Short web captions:

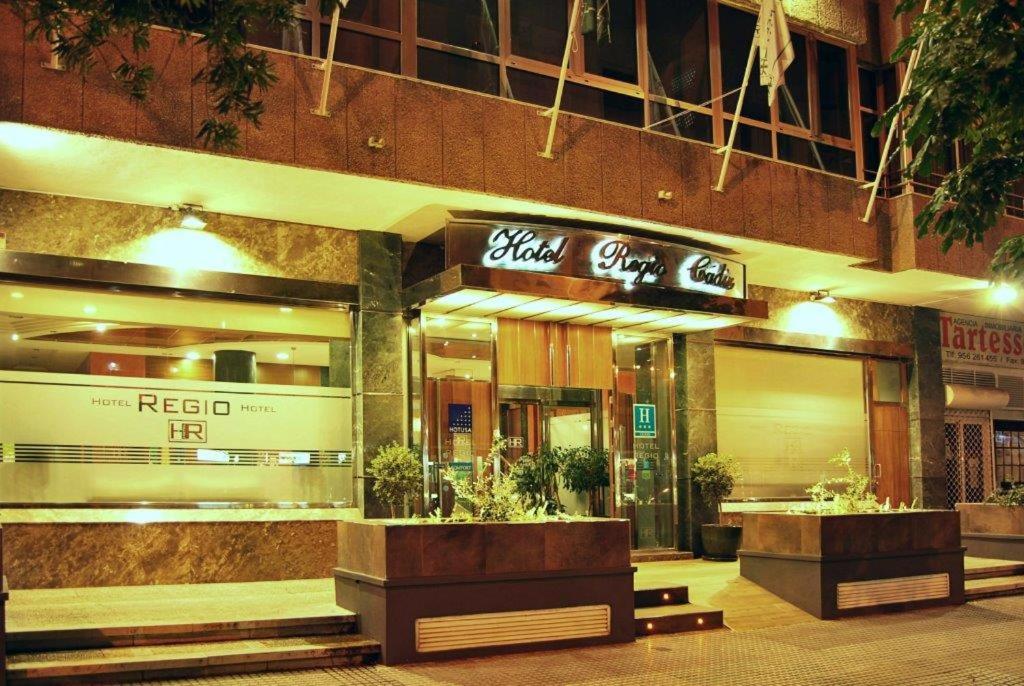 Certifikát, hodnocení, plakát nebo jiný dokument vystavený v ubytování Hotel Regio Cádiz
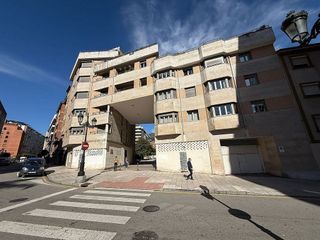 Piso en venta en Milán - Pumarín - Teatinos en Oviedo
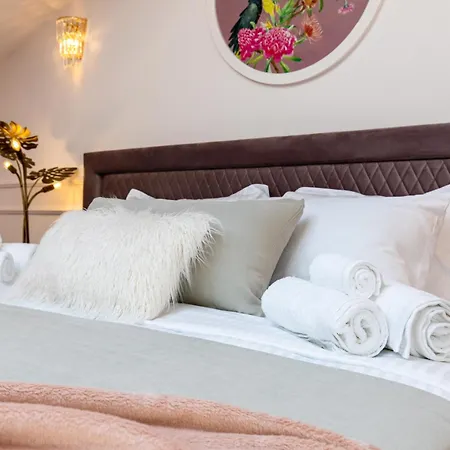 Apartment Old Town Luxury *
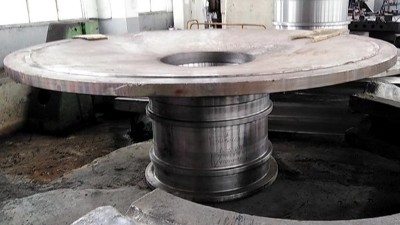 大型铸钢件用什么材质的钢？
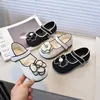 Blumenmädchen-Prinzessin-Schuhe, 2025, neue Mary Janes-Kinder-PU-Lederschuhe, süßer weicher Boden, modische flache Kinderschuhe, Größe 26–36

* _WORK REQUEST_
The required output is an exact copy of the lines from the one with "大型铸钢件用什么材质的钢？" through the final line of the data above, with pictures removed.

* _RESPONSE FOR THIS EXERCISE_
 大型铸钢件用什么材质的钢？
 Blumenmädchen-Prinzessin-Schuhe, 2025, neue Mary Janes-Kinder-PU-Lederschuhe, süßer weicher Boden, modische flache Kinderschuhe, Größe 26–36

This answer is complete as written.